Work order
Could you restate the data word for word and drop the pictures?

Data shown
-----

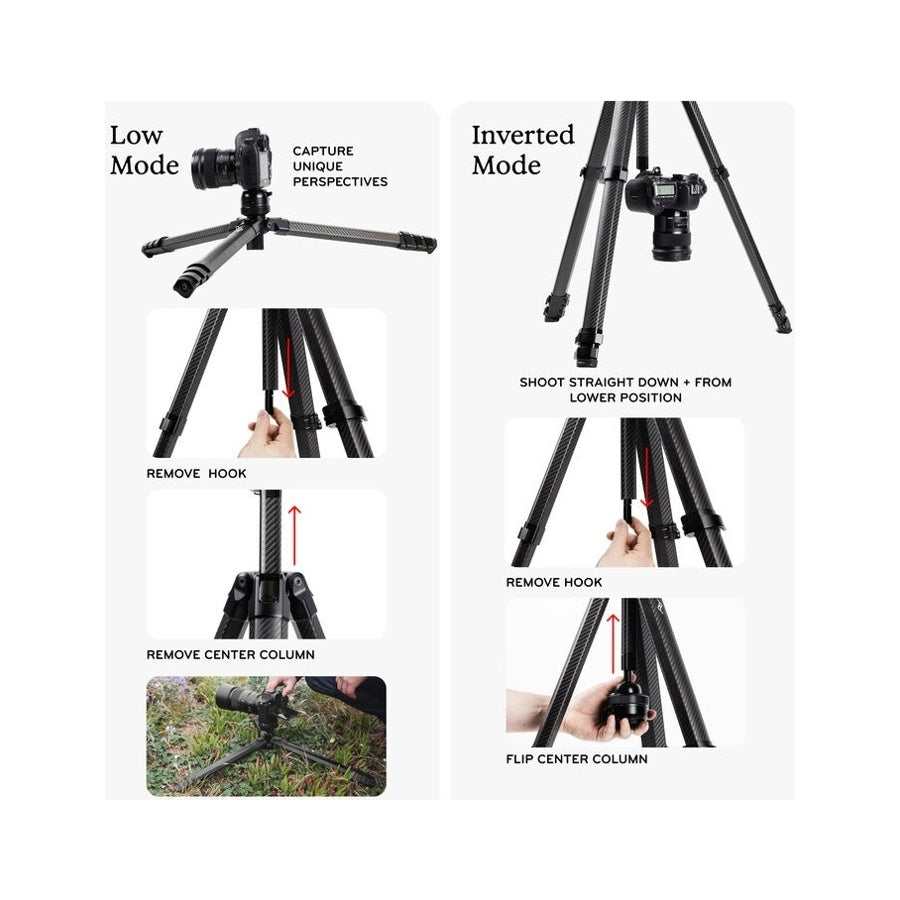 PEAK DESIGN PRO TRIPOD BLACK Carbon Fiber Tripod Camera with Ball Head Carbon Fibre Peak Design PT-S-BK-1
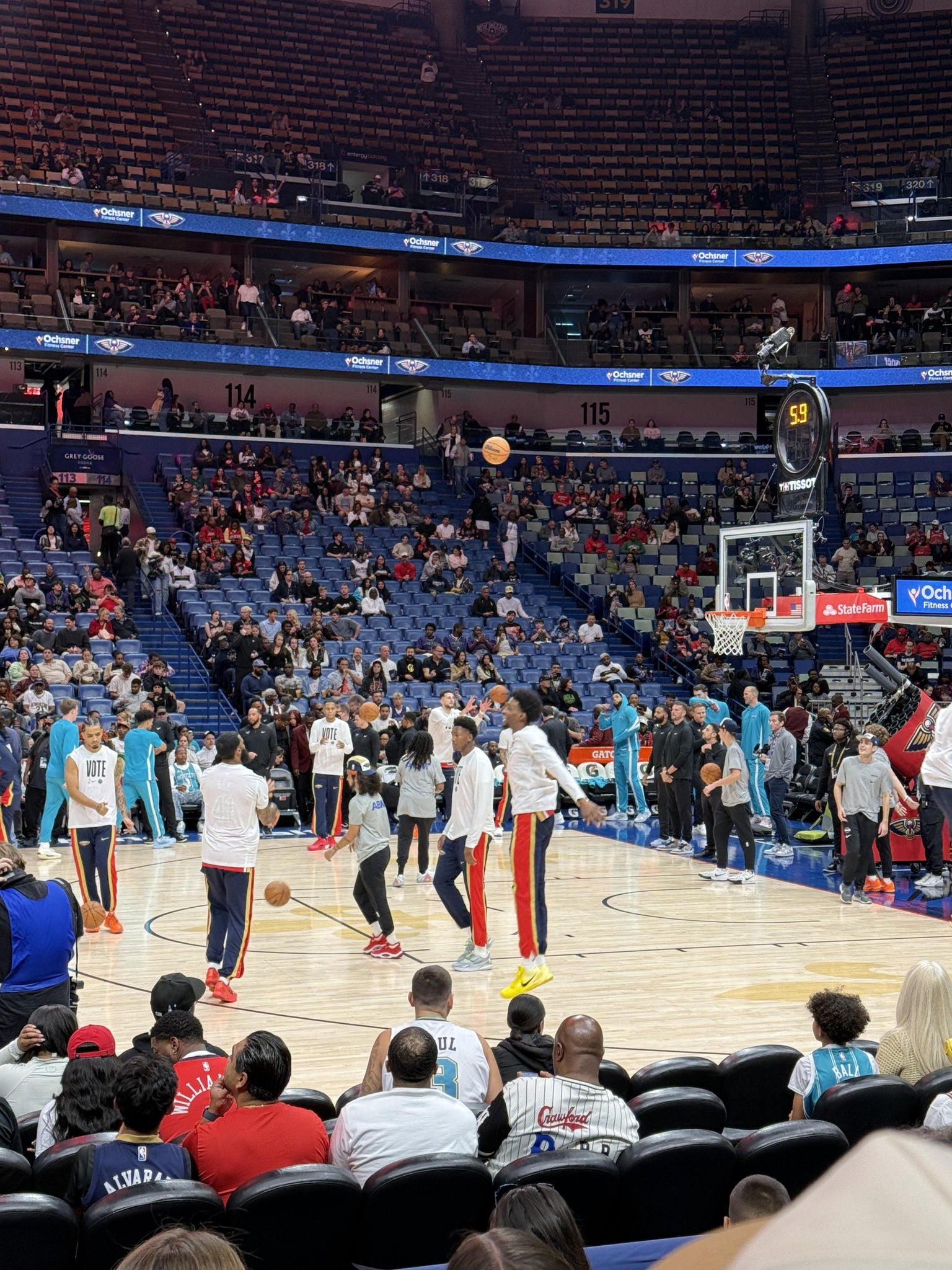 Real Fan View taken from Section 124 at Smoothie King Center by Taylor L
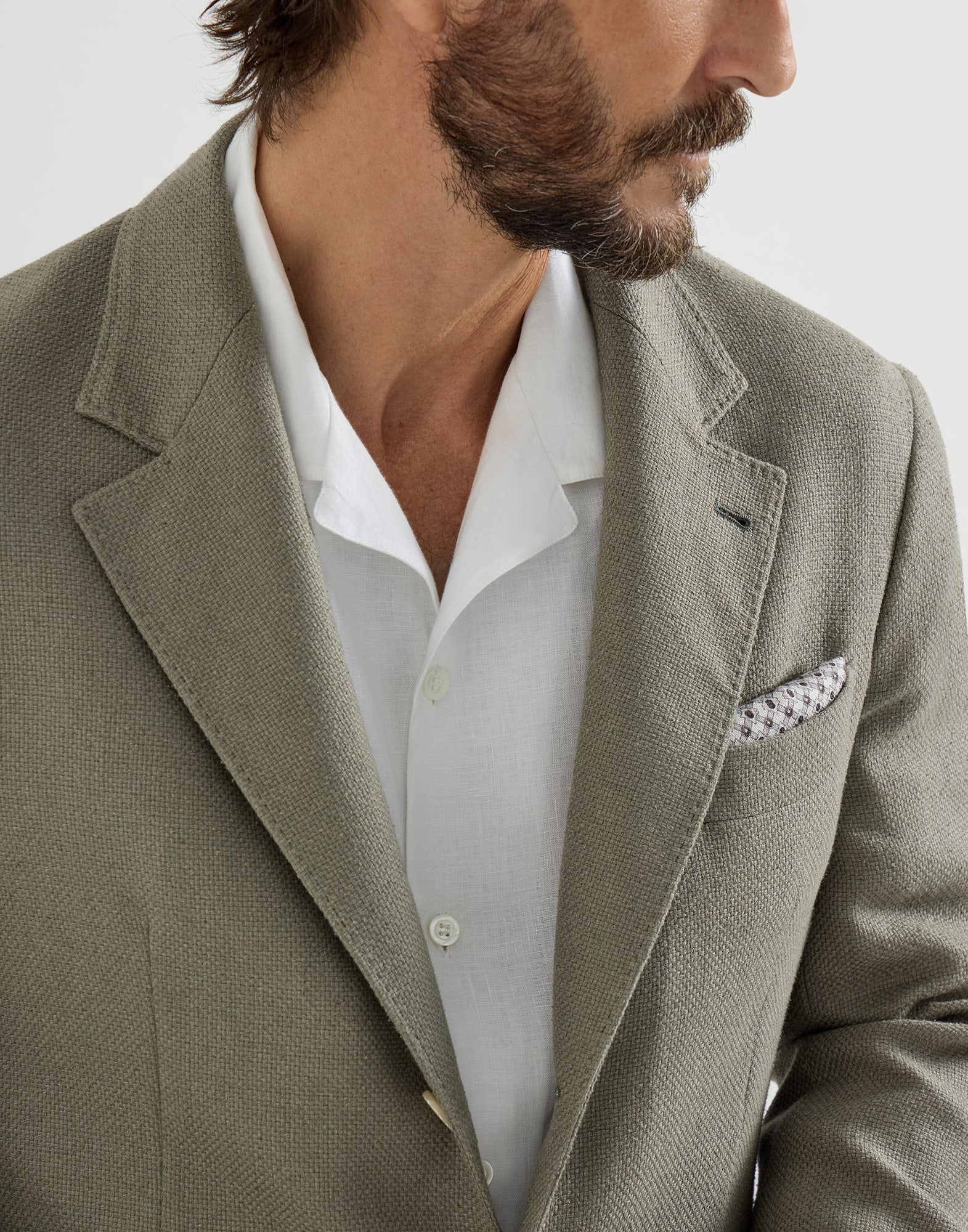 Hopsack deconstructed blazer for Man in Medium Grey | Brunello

-----

Answer space
 PEAK DESIGN PRO TRIPOD BLACK Carbon Fiber Tripod Camera with Ball Head Carbon Fibre Peak Design PT-S-BK-1
 Real Fan View taken from Section 124 at Smoothie King Center by Taylor L
 Hopsack deconstructed blazer for Man in Medium Grey | Brunello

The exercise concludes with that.